:: DATA TO EXAMINE ::
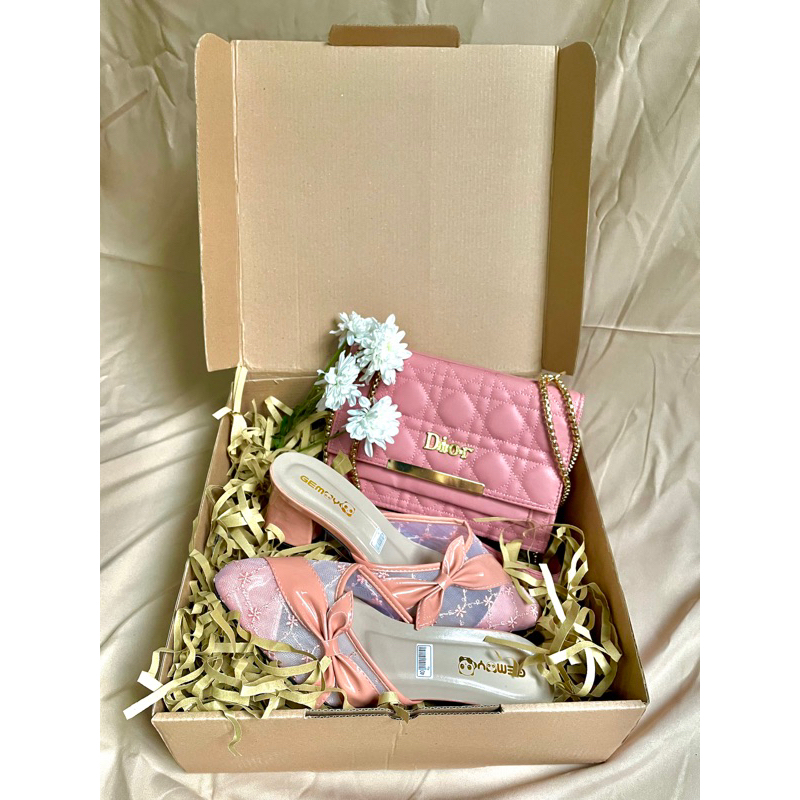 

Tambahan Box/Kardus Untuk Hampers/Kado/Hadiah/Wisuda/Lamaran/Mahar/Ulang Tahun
:::
:: DATA TO EXAMINE ::
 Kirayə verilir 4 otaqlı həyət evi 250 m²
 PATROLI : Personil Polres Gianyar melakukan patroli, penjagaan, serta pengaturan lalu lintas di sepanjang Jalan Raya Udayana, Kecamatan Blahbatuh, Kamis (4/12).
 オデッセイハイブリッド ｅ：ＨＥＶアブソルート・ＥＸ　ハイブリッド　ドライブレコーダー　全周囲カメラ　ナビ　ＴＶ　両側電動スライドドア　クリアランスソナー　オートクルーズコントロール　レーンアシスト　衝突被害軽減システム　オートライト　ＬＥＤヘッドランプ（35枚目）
:::
Quote the data above from the line containing "Kirayə verilir 4 otaqlı həyət evi 250 m²" to the line containing "オデッセイハイブリッド ｅ：", inclusive, and stop.

- **EXERCISE RESULT**
 Kirayə verilir 4 otaqlı həyət evi 250 m²
 PATROLI : Personil Polres Gianyar melakukan patroli, penjagaan, serta pengaturan lalu lintas di sepanjang Jalan Raya Udayana, Kecamatan Blahbatuh, Kamis (4/12).
 オデッセイハイブリッド ｅ：ＨＥＶアブソルート・ＥＸ　ハイブリッド　ドライブレコーダー　全周囲カメラ　ナビ　ＴＶ　両側電動スライドドア　クリアランスソナー　オートクルーズコントロール　レーンアシスト　衝突被害軽減システム　オートライト　ＬＥＤヘッドランプ（35枚目）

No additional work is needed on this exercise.